# Sig P226 vs. CZ SP-01 ??



## BearArms2 (Dec 17, 2011)

With a bit of research, I have found these two guns (Sig P226 and the CZ SP-01) for about the same price (both 9mm and both with a rail)

In terms of a gun for home protection, which of these two guns ranks higher in terms of reliability and being most accurate? I realize both Sig and CZ make quality handguns, so we may be splitting hairs in this one -- but anything you can offer would be much appreciated!

thank you in advance!


----------



## rgrundy (Jul 16, 2011)

If you aren't going to take them outside I'd say toss a coin. In a harsh environment I'd go with the SIG. If I was going to compete with it I'd get the CZ and have a trigger job done on it.


----------



## chessail77 (Mar 15, 2011)

Sig P226..


----------



## BearArms2 (Dec 17, 2011)

rgrundy said:


> If you aren't going to take them outside I'd say toss a coin. In a harsh environment I'd go with the SIG. If I was going to compete with it I'd get the CZ and have a trigger job done on it.


what about for home defense?


----------



## rgrundy (Jul 16, 2011)

BearArms2 said:


> what about for home defense?


Either will do if you learn how to use it. They are both high quality firearms.


----------



## FNISHR (Aug 9, 2011)

P226.


----------



## cclaxton (Jul 10, 2011)

I have shot both and I own two Cz's...a Cz 75 Shadow 9mm and a Cz 2075 RAMI.
They are lighter and better than the Sig's...more accurate than a Sig, and you can get a better hammer/trigger job on a Cz than on a Sig.

Hands-down, the Cz is a much better choice. 

But every hand is cut different and every finger is a little different. For some people, the Sig is a better fit. I personally find the accuracy of the Cz and its weight the two key differentiators. 

But, get an Angus Hobdell hammer/trigger job done on it....and you will be then envy of the gun club.

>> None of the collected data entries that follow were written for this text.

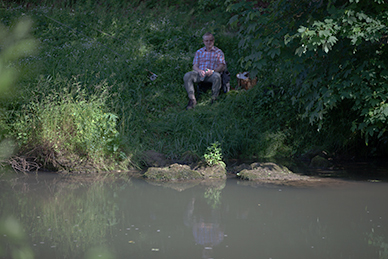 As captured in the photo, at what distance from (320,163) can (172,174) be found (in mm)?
2569

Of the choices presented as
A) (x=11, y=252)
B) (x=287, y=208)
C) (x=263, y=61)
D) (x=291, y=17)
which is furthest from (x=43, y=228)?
(x=291, y=17)

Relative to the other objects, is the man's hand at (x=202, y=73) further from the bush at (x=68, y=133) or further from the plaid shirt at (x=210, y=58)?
the bush at (x=68, y=133)

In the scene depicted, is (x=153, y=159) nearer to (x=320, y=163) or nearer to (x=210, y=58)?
(x=320, y=163)

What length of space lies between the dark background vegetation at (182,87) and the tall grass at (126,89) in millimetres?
26

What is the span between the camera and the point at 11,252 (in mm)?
3180

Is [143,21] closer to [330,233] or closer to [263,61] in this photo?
[263,61]

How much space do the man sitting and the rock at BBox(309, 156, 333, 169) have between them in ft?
9.05

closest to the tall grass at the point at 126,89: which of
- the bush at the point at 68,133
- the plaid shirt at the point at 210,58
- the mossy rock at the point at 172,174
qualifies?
the bush at the point at 68,133

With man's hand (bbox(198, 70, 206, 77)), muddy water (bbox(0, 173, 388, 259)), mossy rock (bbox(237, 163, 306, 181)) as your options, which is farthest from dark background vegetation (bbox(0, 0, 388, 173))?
muddy water (bbox(0, 173, 388, 259))

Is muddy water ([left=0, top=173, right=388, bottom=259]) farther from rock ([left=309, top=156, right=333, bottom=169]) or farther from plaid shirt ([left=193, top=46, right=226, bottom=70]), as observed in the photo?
plaid shirt ([left=193, top=46, right=226, bottom=70])

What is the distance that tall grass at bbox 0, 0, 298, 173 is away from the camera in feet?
21.7

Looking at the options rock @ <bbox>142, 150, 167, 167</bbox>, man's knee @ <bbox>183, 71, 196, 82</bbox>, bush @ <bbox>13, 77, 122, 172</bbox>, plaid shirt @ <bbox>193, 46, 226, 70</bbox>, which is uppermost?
plaid shirt @ <bbox>193, 46, 226, 70</bbox>

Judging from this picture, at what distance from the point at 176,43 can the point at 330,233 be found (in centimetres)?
832

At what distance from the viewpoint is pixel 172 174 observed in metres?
6.00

Good training is more important than the gun, though.
Good luck with your decison
CC


----------



## recoilguy (Apr 30, 2009)

There is no doubt in my mind the CZ is the better weapon in this case.
This is just my opinion, but it is a good opinion with a lot if quality criteria to base it upon.

RCG


----------



## Lateck (Jul 23, 2010)

Again as it has been said: It's a toss up!

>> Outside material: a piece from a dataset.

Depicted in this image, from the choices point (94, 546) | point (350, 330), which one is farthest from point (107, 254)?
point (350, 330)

For ME.... I'm a SIG owner! But for you????
Shoot each if you can and then make YOUR decision !

Good Luck,

Lateck,


----------



## hud35500 (May 8, 2010)

I think the CZ is one of the best fighting handguns ever made, but for me, the ergonomics of the 226 are better. Both will serve you well. Parts/magazines may be more difficult to find for the CZ.


----------



## sonja (Sep 16, 2011)

Sig. CZ is a nice gun. Reliable, shoots well. Mine NEEDED a trigger job because of "trigger bite". Made it no fun to shoot at the range. Sold it, and bought another Sig.

Right now, I only own two Sigs (three if you call the Trailside 22 a Sig). No CZ's.

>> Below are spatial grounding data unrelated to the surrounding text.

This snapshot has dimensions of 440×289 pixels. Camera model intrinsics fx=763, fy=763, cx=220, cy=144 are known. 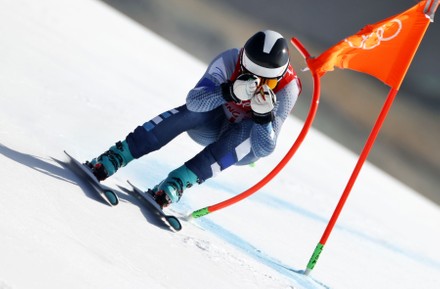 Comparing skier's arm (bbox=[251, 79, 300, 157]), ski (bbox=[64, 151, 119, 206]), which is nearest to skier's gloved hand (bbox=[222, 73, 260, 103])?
skier's arm (bbox=[251, 79, 300, 157])

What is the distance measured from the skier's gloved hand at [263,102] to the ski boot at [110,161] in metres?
0.57

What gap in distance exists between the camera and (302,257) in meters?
3.85

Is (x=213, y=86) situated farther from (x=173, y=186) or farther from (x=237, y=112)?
(x=173, y=186)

Have you considered Glock? I have found the Glock 17 one of the easiest pistols to shoot. If you train with it, you will become proficient.

Anyway, my preferences are just that -- mine. You, on the other hand really should buy the one that fits you better. You will be shooting it.

By the way, practice, practice, practice.


----------



## dondavis3 (Aug 2, 2009)

I own both and both are excellent guns.

My preference by far are my Sig's

Here's my P226 - It's a Swiss Police gun - trade-in in 9mm -










I bought it for $300 .. sent the slide to CCR for a $79 slide job and added Hogue Aluminum Grips

I sold my CZ SP01 but here is my CZ 85 Combat in 9mm










Not to confuse the issue, but I'd suggest that you also look at the Beretta PX4 Storm - they are great too.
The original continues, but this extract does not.